公園には式典を一目見ようと大勢の市民たちが詰めかけている。
特に市民たちの間で人気なのが、海軍軍楽隊による演奏会であった。海軍としても、こうした機会を利用して志願者を増やしておきたいと、宣伝に余念がなかった。
近年ではそうした影響か、曲目は「軍艦行進曲」、「広瀬中佐」、「日本海海戦」といった海軍関係の軍歌だけでなく、その年のヒットソングなどを積極的に組み込むようになっていた。
今年の式典では、海戦系オンライン・ゲームで使用されているBGMが曲目の中に含まれていた。
「軍歌一色よりも、こちらの方が平和を感じられていいですね」
人によって賛否はあるだろうが、一市民として式典に参加している有坂篁太郎はそう感想を述べた。
「そうは思いませんか?」
と、彼は隣に座る九尾の狐にして己の式神たる久遠に話しかける。
「さてな? ただ、お前がそう感じるのならばそうなのではないか?」
久遠は派手ではないが趣味の良い柄の洋服に身を包み、頭にはキャスケット風の帽子を被っていた。
いつもは和風と中華風を合わせたような着物に身を包んでいる彼女だが、洋服姿もまた美しかった。
帽子を被っているのは、頭に生えている狐の耳を隠すためであった。久遠や、王子の狐である銀嶺など、妖の中には人に変化することが出来るものがいるが、そうした際にも自身の身体的特徴の一部は残ったままであることが多い。

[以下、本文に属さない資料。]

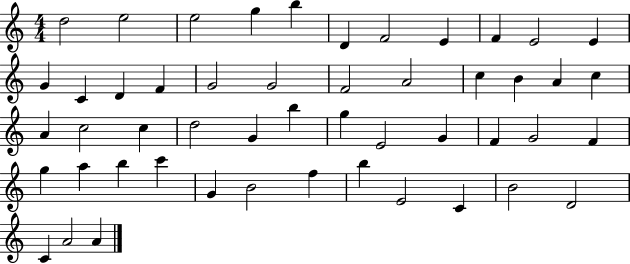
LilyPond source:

{
  \clef treble
  \numericTimeSignature
  \time 4/4
  \key c \major
  d''2 e''2 | e''2 g''4 b''4 | d'4 f'2 e'4 | f'4 e'2 e'4 | \break g'4 c'4 d'4 f'4 | g'2 g'2 | f'2 a'2 | c''4 b'4 a'4 c''4 | \break a'4 c''2 c''4 | d''2 g'4 b''4 | g''4 e'2 g'4 | f'4 g'2 f'4 | \break g''4 a''4 b''4 c'''4 | g'4 b'2 f''4 | b''4 e'2 c'4 | b'2 d'2 | \break c'4 a'2 a'4 | \bar "|."
}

獣の妖であるならば、耳と尻尾を人に変化しても残すことが多い。これは、人間の耳が聞こえづらいというのと、尻尾がないと落ち着かないという理由によるらしい。
とはいえ、ふさふさとした九本の尻尾を服で隠すことは出来ないので、今回は流石に久遠も尻尾を消していた。ただ、耳だけはどうしても譲れないのか、こうして帽子で隠しているわけである。

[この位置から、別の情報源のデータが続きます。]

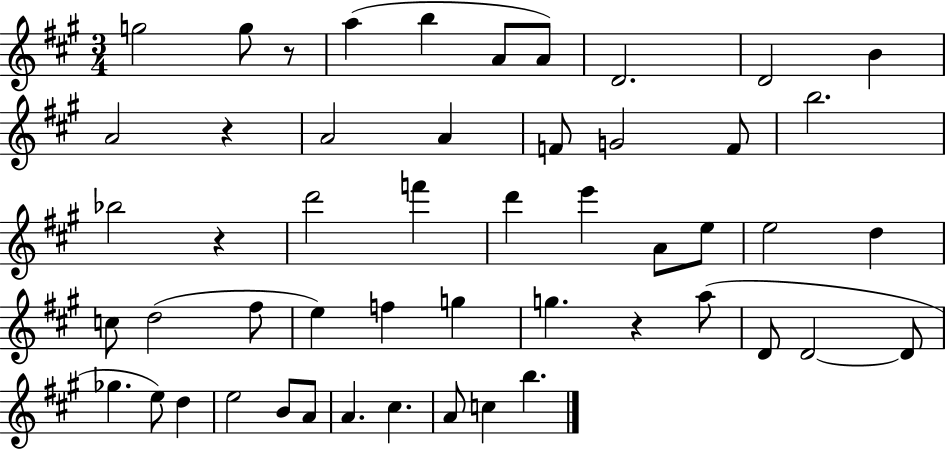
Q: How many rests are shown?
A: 4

「だが、お前がそう感じるということは、やはりお前はあの戦争に囚われたままだということだ」
「……」
久遠の指摘に、篁太郎は曖昧な笑みを返すだけだった。反論出来ないのだ。
青空の下で続く演奏に、陰陽師と式神の二人はしばし耳を傾け合った。
あるいはそれは、この青年の姿をした陰陽師が望んだ光景の一つであったのかもしれないと、式神たる久遠は思った。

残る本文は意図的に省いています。